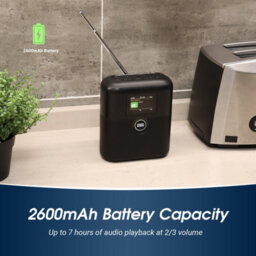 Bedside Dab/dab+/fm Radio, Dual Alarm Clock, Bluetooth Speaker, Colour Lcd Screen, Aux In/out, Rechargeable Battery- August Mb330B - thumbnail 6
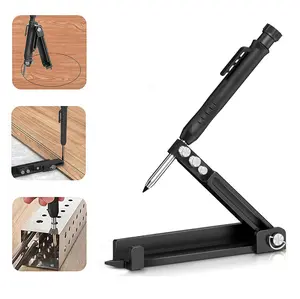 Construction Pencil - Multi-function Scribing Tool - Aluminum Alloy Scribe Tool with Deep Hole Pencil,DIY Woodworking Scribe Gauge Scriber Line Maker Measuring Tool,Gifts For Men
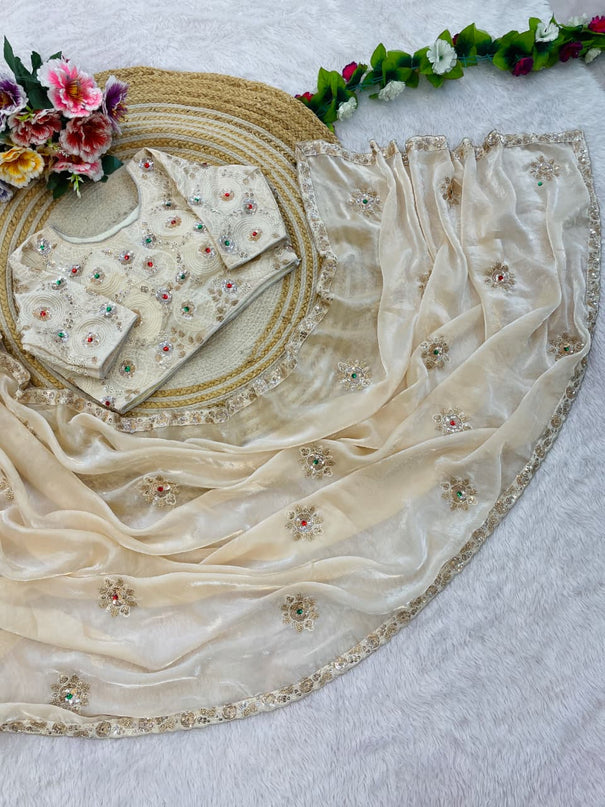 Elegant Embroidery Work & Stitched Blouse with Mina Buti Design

...

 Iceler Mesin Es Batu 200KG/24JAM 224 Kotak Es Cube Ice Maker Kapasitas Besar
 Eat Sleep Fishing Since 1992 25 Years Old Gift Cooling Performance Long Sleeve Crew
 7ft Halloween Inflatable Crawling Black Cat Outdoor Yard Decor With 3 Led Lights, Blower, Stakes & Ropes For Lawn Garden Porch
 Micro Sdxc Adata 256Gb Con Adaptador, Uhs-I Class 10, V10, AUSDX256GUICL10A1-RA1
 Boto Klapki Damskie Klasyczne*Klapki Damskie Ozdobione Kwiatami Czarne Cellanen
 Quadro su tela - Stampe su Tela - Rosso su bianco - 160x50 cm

Action item:
Return only the lines between the one holding "Boto Klapki Damskie" and the one holding "Quadro su tela", inclusive, exactly as they appear above.

Result for this task:
 Boto Klapki Damskie Klasyczne*Klapki Damskie Ozdobione Kwiatami Czarne Cellanen
 Quadro su tela - Stampe su Tela - Rosso su bianco - 160x50 cm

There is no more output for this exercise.